Sheila Heti, photographed by Yael Malka.

“A writer has to follow their curiosity, first and foremost,” writes Sheila Heti in the opening chapter of her nifty and singular new book, Alphabetical Diaries. “A writer is just one person under the stars,” begins the subsequent sentence, “one person in a universe, writing about a whole entire universe.” One could read these lines as a kind of mission statement, for Heti’s literary preoccupations are indeed great in both magnitude and particularity, impelled by her relentless spirit of inquiry toward questions no less daunting and immense than the one that titles her breakout 2010 novel, How Should a Person Be?

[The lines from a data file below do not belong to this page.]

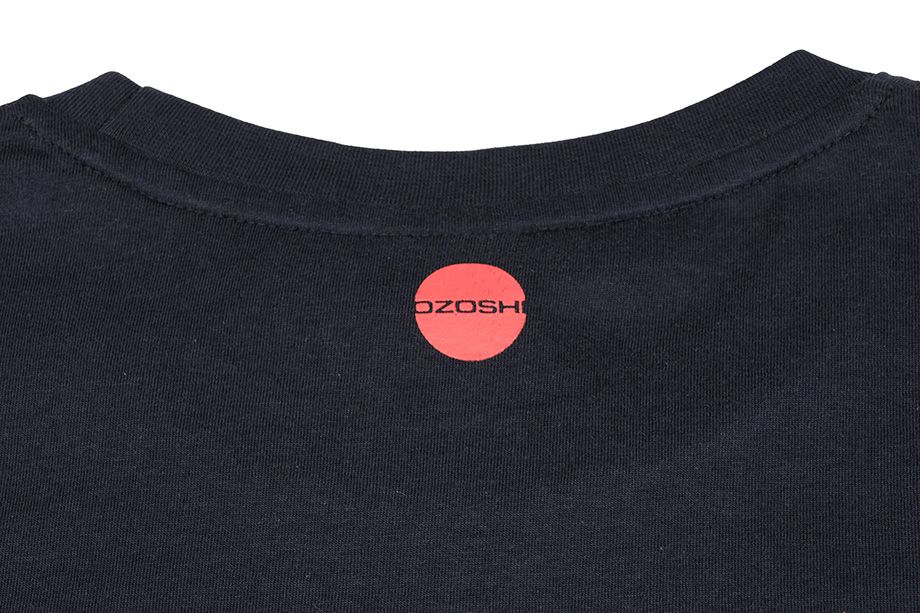 Ozoshi Pánské Tričko Atsumi tmavomodrý TSH O20TS007
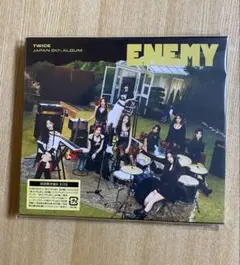 TWICE JAPAN 6th ALUBUM ENEMY シリアル付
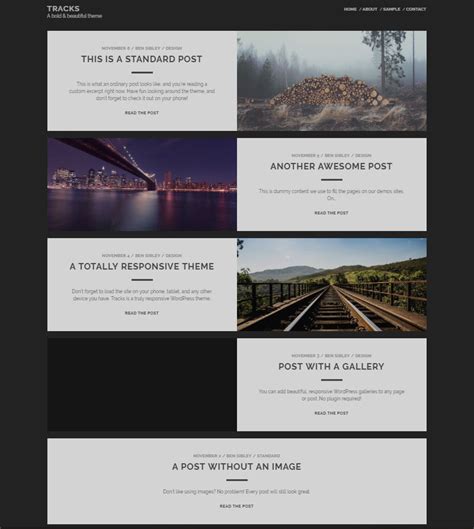 25 Tried and Tested WordPress Blog Themes - MotoPress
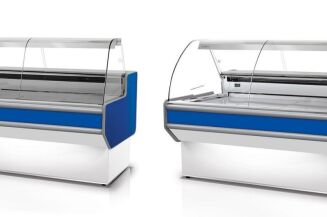 Lada chłodnicza z szybą giętą L-B1 - 7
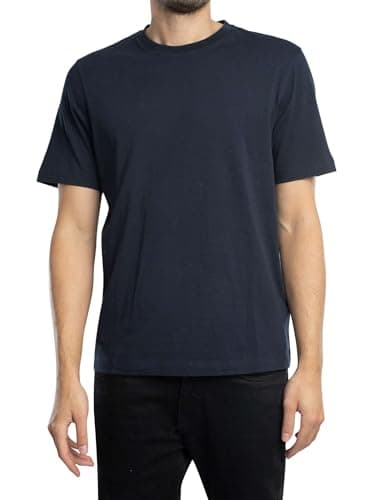 Image of Ted Baker Mens Tywinn T-Shirt, Navy, XS UK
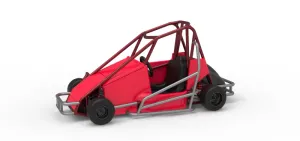 Quarter Midget Scale 1:16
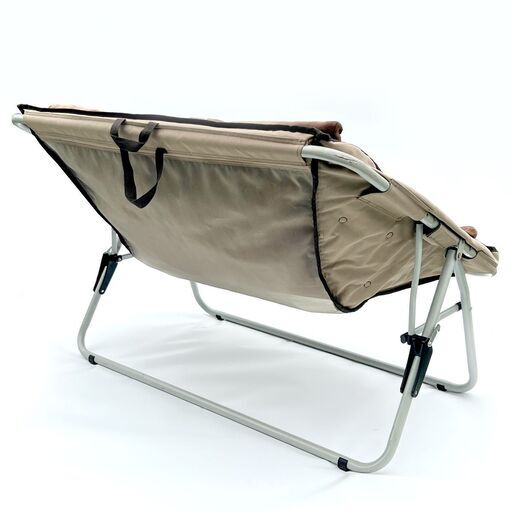 クオルツ Quaiz メッシュ フォールディングソファ シングルソファ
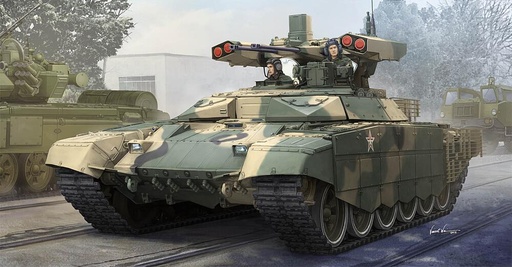 [TRUMPETER 9515  ] TRUMPETER 9515  1/35 BMPT 72 Terminator 2 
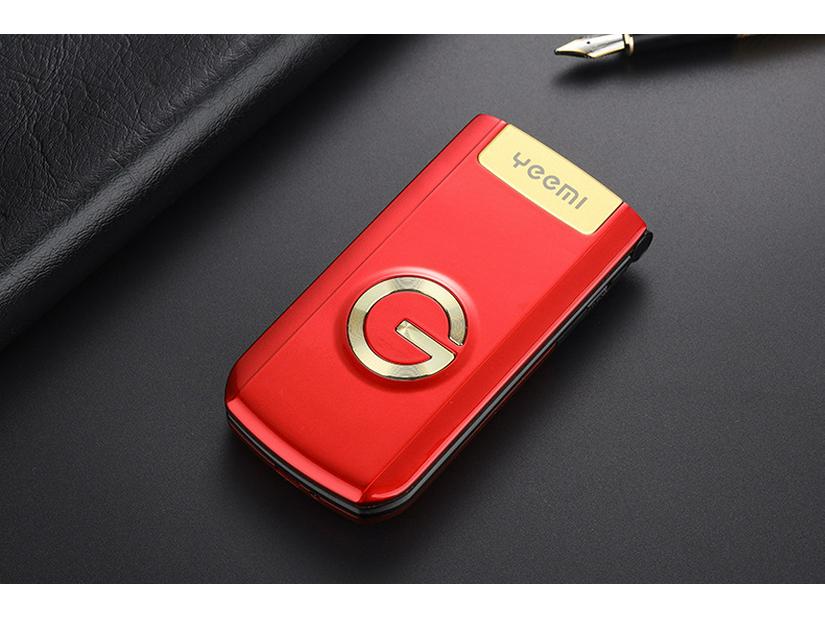 Yimi G9000 Senior Flip Phone: Large Buttons, Loud Sound, Big Characters, Long Battery Life, Multilingual.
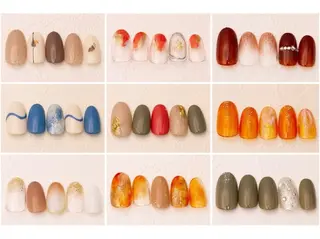 ネイル クレアラルーチェ市役所前店所属・村上 裕香のネイルデザイン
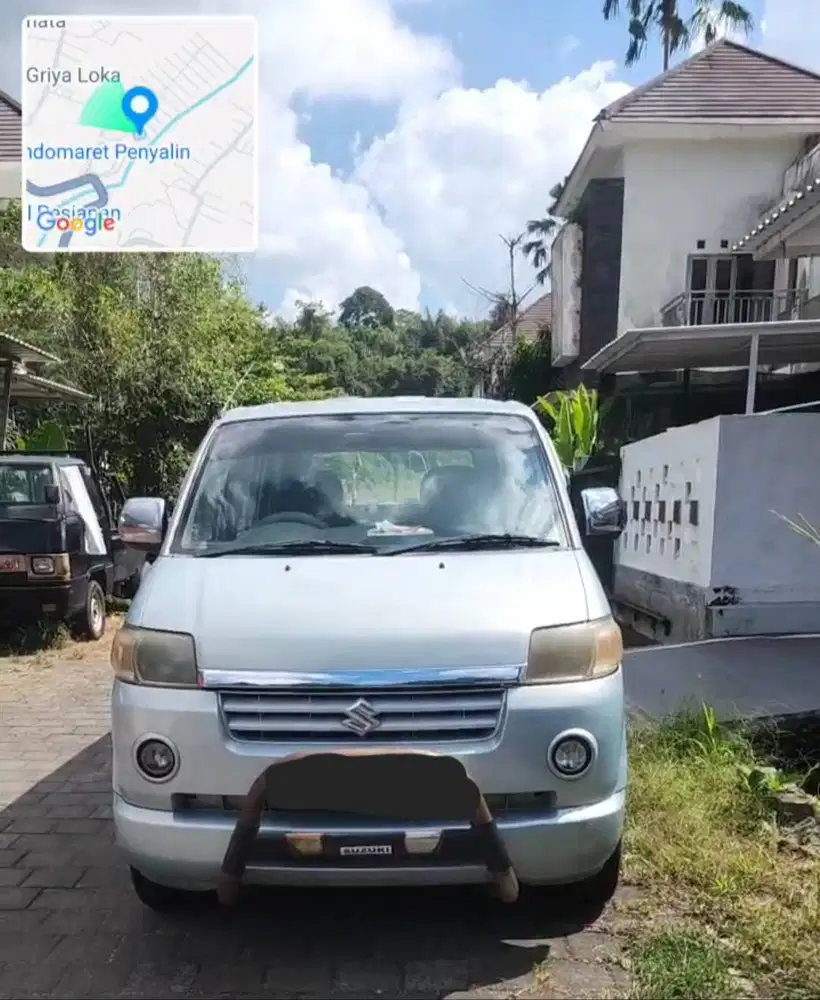 Dijual Suzuki APV GX 1.5MT Th. 2007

This new book—a collection of Heti’s personal diaries, written over the course of a decade, then alphabetized and sheared into hypnotic installments of funny, plaintive, and exhortative prose—shows us how people are. Reading it, one is struck by the awesome continuity of the human mind, the way we’re always turning over the same ideas and questions, but also our naked contradictions. A declaration made in one sentence is undermined in the next, or made amusing, more complicated and thorny, and always rendered with Heti’s sense of play and conviction. “Marriage can make misery more bearable,” she writes in the “M” chapter. “Marriage is one step closer to divorce than being in a relationship. Marriage will not settle my restlessness.”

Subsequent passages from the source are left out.